No início da década de 1830, Lorenzo Zavala, ministro mexicano das Finanças [10], afirmou que o México devia renunciar a pedir empréstimos em Londres, porque os seus recursos económicos eram suficientes [11]. Note-se que ele era presidente do congresso constituinte aquando da realização dos empréstimos de 1824-1825. Lucas Alamán, que era ministro em 1824, também reconheceu a posteriori, em 1852, que o empréstimo de Londres fora funesto [12]. José Mariano Michelena, que em 1825 substituiu Borja Migoni, que tinha negociado os empréstimos em 1824 e 1825, denunciou as taxas de juro usurárias [13]. No entanto, J. Bazant, numa obra publicada em 1968 e que goza de grande prestígio nos meios académicos, afirma erradamente que o México fez bem em endividar-se em Londres e que, feitas as contas, as condições de empréstimo não eram tão más quanto isso [14]. O principal argumento de Bazant consiste em dizer que outros países aceitaram as mesmas condições tão pouco favoráveis. Não é um argumento convincente. É preciso ter em conta critérios objectivos, tais como o preço da emissão, a taxa de juro real, ou as comissões pagas. O México viu-se sujeito a condições que deveria ter rejeitado. Seja como for, o empréstimo da Goldsmith de 1824 é de longe o pior dos acordos feitos com países da América Latina na década de 1820 [15]. De resto, não é pelo facto de outros governos terem aceitado empréstimos contrários ao interesse real do seu país que os empréstimos realizados pelo México se tornam legítimos. Para mais, países como o Paraguai e o Egipto [br: Egito], nessa mesma época, recusaram recorrer a empréstimos externos e contudo realizaram grandes avanços. Só quando o Egipto aceitou, a partir da década de 1850, recorrer a empréstimos externos massivos, é que as coisas começaram a correr mal [16].
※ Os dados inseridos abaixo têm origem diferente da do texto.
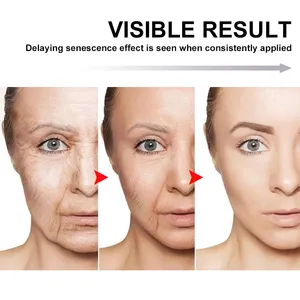 100% produtos do oem natural ajuda a reduzir as rugas linhas seca pele hialurônico ácido hidratante facial creme anti-envelhecimento do rosto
A estreita ligação entre dívida interna e dívida externa
Em contraste com os empréstimos concedidos ao Estado colonial espanhol a taxas de juro de 5 a 6 %, as classes dominantes locais emprestavam a taxas usurárias (12 a 30 %, por vezes mais [17]) ao novo Estado mexicano. Os empréstimos externos serviam em parte para reembolsar a dívida interna. Aos mexicanos ricos (fossem eles latifundiários, grandes comerciantes ou proprietários de minas ou caminhos-de-ferro [br: estrada de ferro, ferrovia]) que emprestavam ao Estado interessava que as autoridades continuassem a endividar-se no estrangeiro. Esses empréstimos serviam em grande medida para reembolsar a dívida interna e traziam-lhes outras vantagens: eram uma fonte de lucro para as classes dominantes mexicanas que tinham adquirido títulos mexicanos no estrangeiro; constituíam uma fonte de divisas estrangeiras de que os capitalistas mexicanos necessitavam para importar produtos estrangeiros (equipamentos, bens de consumo, armas, etc.).
O facto de financiarem uma série de actividades do Estado por meio de empréstimos permitia também às autoridades mexicanas não aumentarem os impostos pagos pelos mais ricos.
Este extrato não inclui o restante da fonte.